Los de hoy llegaron, decían, para regenerar la vida pública y acabar con los privilegios de la satrapía política. A la evidencia me remito sobre este aspecto, a cómo han evolucionado quienes llegaron al congreso sin ducharse y ahora propietean, el que más y el que menos, un pisito en el otrora odiado barrio de Salamanca, o un chalecito en Boadilla del Monte.
También llegaron, decían también, para acabar con el abismo social existente entre la clase política y “la gente”, y unirnos a todos en un gran proyecto nacional de justicia, solidaridad e igualdad. Hermosos principios que la dura realidad ha convertido en inmenso lodazal: nunca, jamás de los jamases en la historia de nuestra democracia, se encontró la sociedad española tan dividida, enfrentada y desalentada.

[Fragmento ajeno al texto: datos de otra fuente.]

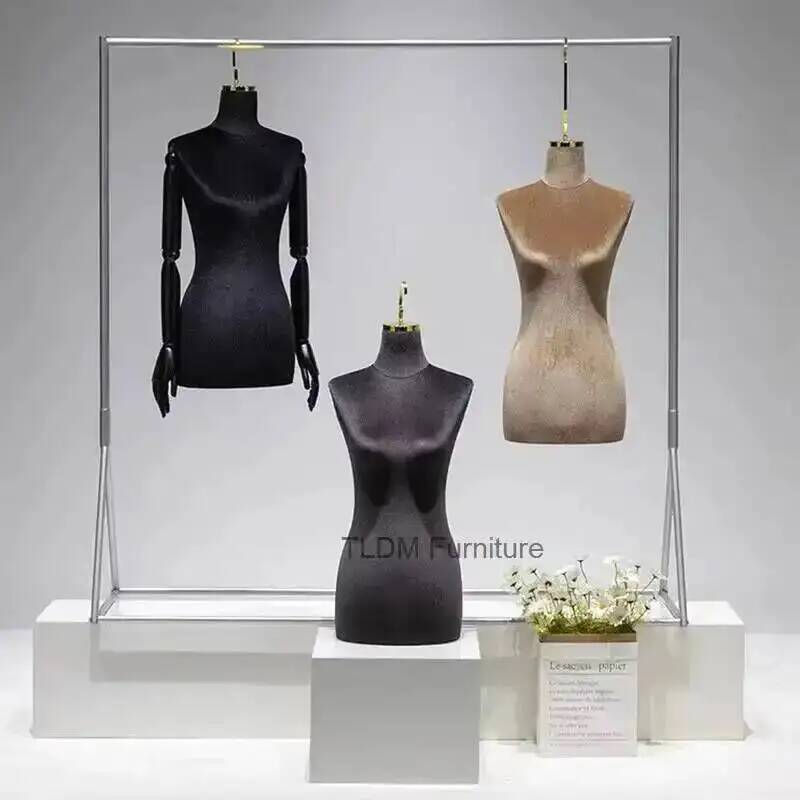 縫製用吊り下げ式婦人服ディスプレイラック、衣料品店のウィンド - The Wedding Supply Store のレビューと価格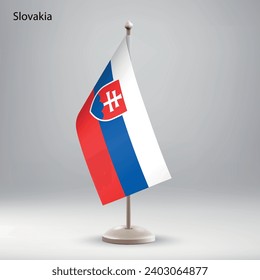 Bandera de Eslovaquia colgando en un puesto de bandera. Utilizable para la presentación en la cumbre o en la conferencia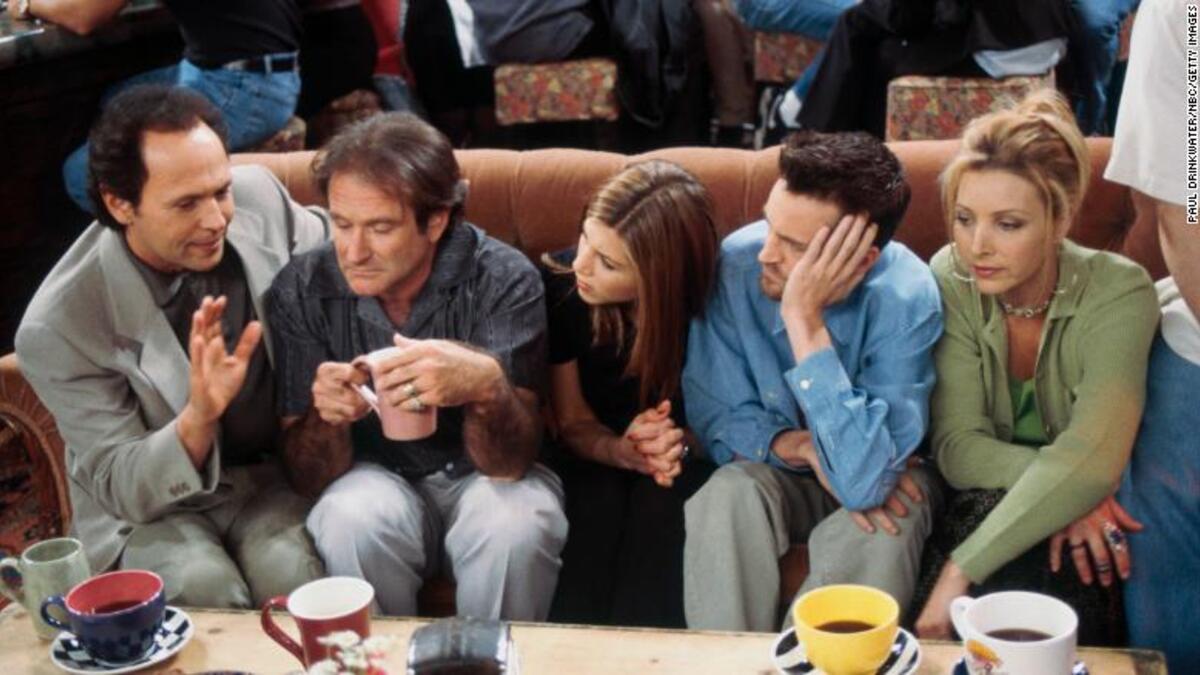 بيلى كريستال وروبن وليامز: ظهر الثنائي في الموسم الثالث وكان غير مخطط لظهورهما فكانوا بالصدفة بالقرب من مكان التصوير وطلب الكاتب مهم الانضمام للحلقة كضيوف شرف حيث لعبا دور أصدقاء (توماس وتيم).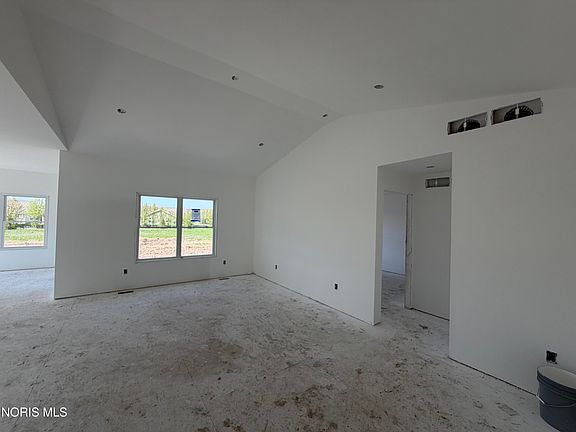 2nd image of 1347 Limerick Ln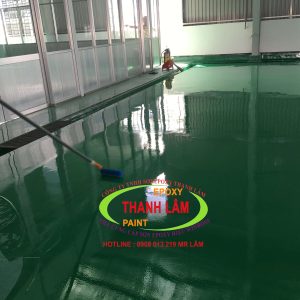 Đang Hoàn Thiện Sơn Epoxy Tự San Phẵng Tại Nhà Máy Dược
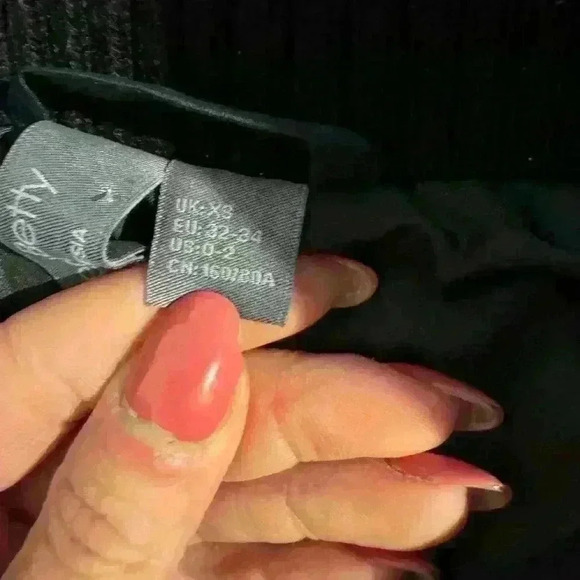 Sweaty Betty Venture Padded Fleece Gilet in Black Vest XS - Picture 5 of 13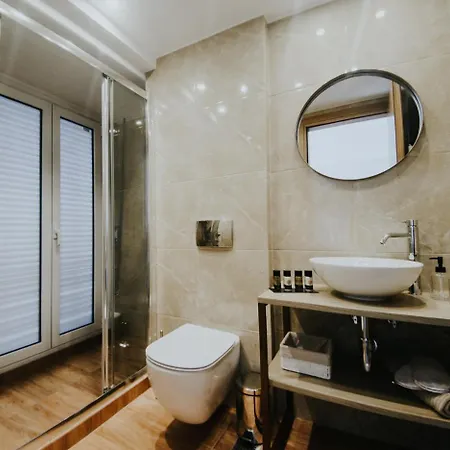 Voulis Attico & Guest house Athens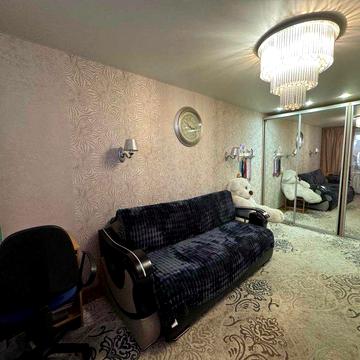 Сдам 2 комнатную квартиру на Клочко-6 район АТБ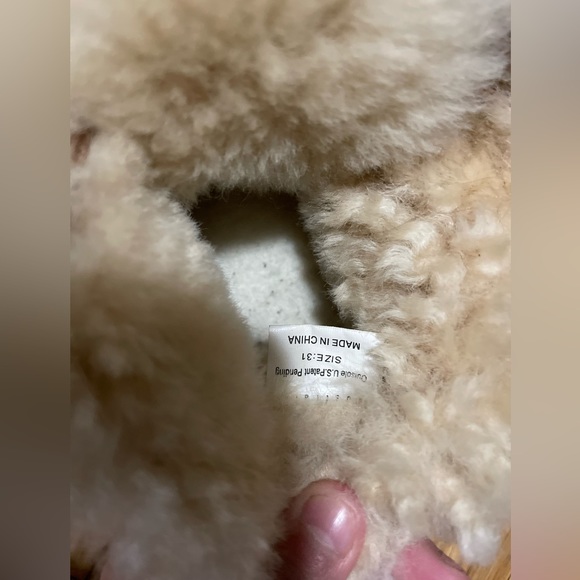 UGG Australia Kids Chestnut Boots - Picture 9 of 10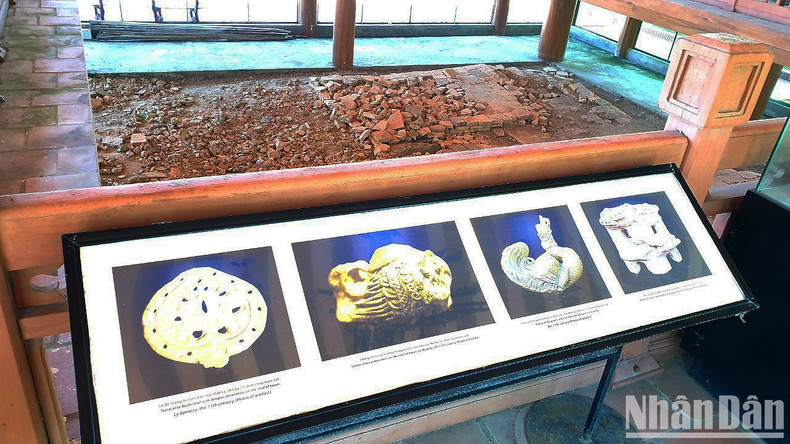 De plus, de nombreuses reliques ont été découvertes telles que des briques, un socle de la statue du Bouddha Amitabha en pierre bleue, un pied de fleur de lotus et des graines de terre cuite. De plus, de nombreuses reliques ont été découvertes telles que des briques, un socle de la statue du Bouddha Amitabha en pierre bleue, un pied de fleur de lotus et des graines de terre cuite.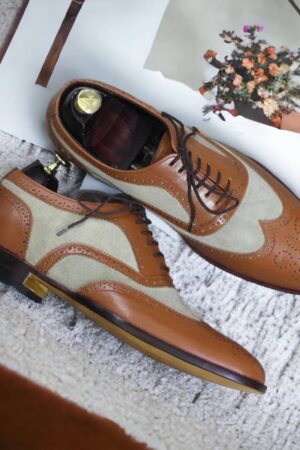 Handmade Two-Tone Wingtip Brogues  Men's Leather Dress Shoes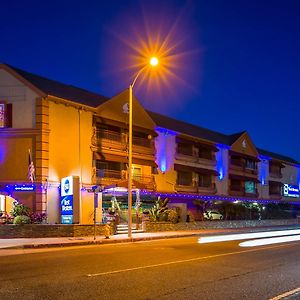 Best Western Harbour Inn & Suites Huntington - Sunset Beach Exterior photo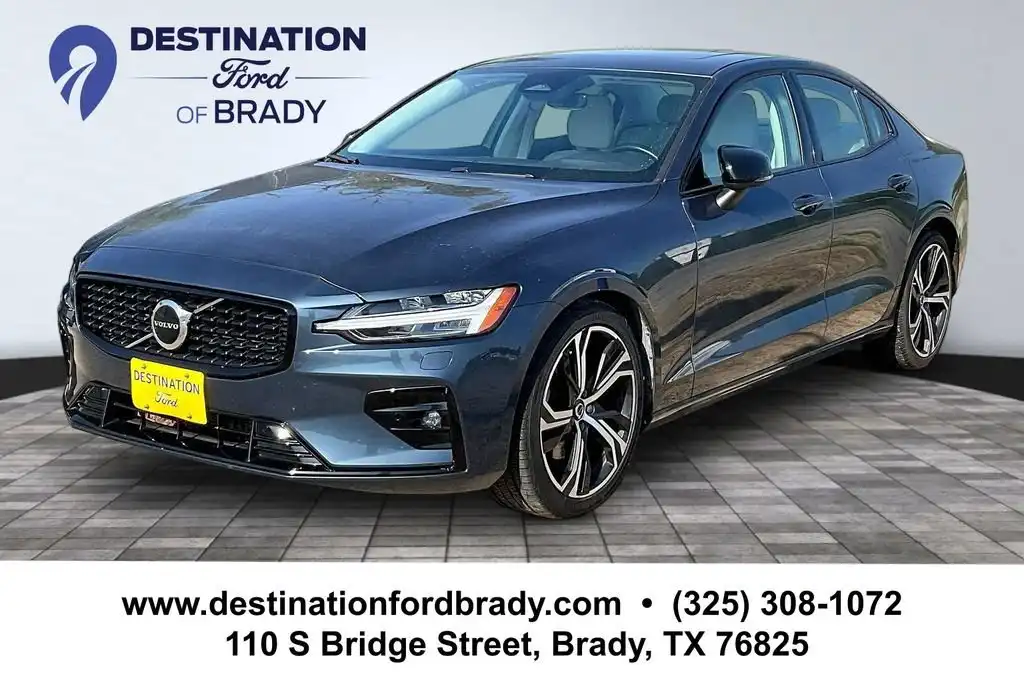 2024 Volvo S60 B5 Core Dark Theme's photo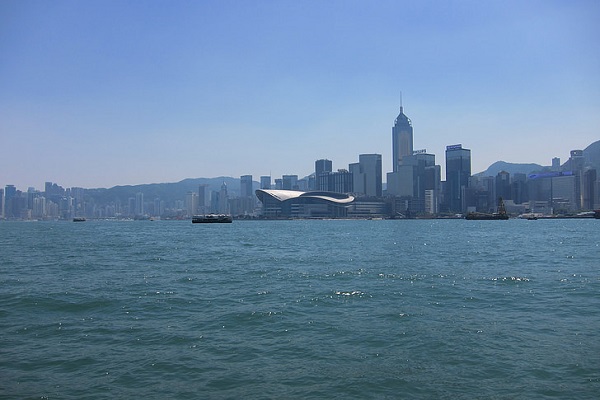 香港居民身份证可以参加华侨联考吗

Y nunca fue tan difícil, imposible en verdad, conjuntar los ánimos y voluntades de la izquierda y los sectores “de progreso” en torno a un eje común de aspiraciones y un programa compartido de intervención sobre la facticidad objetiva. Pues no hay partido, sindicato, asociación o colectivo que no haya sentido en su núcleo el desgarro y el enfrentamiento que estos aventureros trajeron bajo el brazo. Ni el mismo partido de los inventores del ingenio, el Podemos en vaqueros y zapatillas deportivas del primitivo Iglesias, se ha visto libre del atiliano debacle. Para las tres cuartas partes de la militancia que ha abandonado la organización, son unos traidores. Para los anticapitalistas andaluces, unos oportunistas sin escrúpulos. Para sus socios de IU, “unas ratas”. Y si ellos mismos lo dicen, algo habrá por debajo. Mucho más que aquel simple exabrupto de la candidata nº3 a la Comunidad de Madrid por UP, de eso no hay duda. Quien haya militado alguna vez en un partido de cualquier signo, sabe que nunca encontraron tanto odio los dirigentes y mandamases del tinglado como entre sus propios seguidores.
Y así va, de momento, la lucha por el gran consenso social de la izquierda y la construcción de los bloques históricos que nos llevarán a la tierra prometida y los arroyos de leche y miel, aunque esto último ya lo dije antes. Y antes que yo, la Biblia.